• _Problem_: Once "2Minute Neuroscience Hydrocephalus" turns up in a line below, reproduce that line and those after it exactly, stopping after the line with "Рак яичников EC"; leave pictures out.

• _Data shown_:
.....

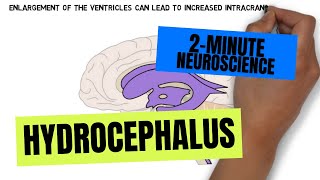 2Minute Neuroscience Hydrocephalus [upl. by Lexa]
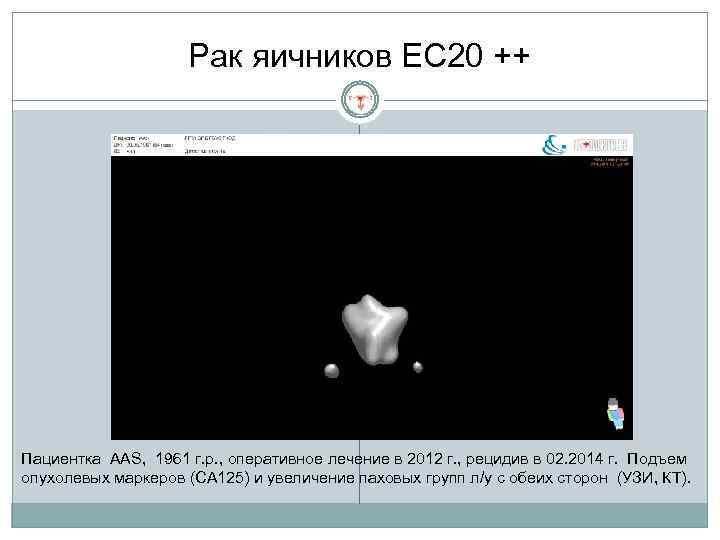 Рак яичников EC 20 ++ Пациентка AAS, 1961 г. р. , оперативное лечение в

.....

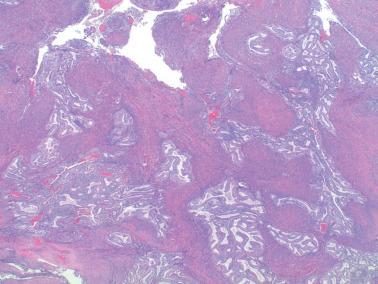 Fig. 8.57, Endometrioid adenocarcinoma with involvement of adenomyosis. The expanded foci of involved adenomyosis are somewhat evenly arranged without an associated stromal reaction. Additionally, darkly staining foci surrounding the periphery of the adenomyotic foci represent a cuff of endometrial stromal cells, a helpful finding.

.....

• _Your solution_:
 2Minute Neuroscience Hydrocephalus [upl. by Lexa]
 Рак яичников EC 20 ++ Пациентка AAS, 1961 г. р. , оперативное лечение в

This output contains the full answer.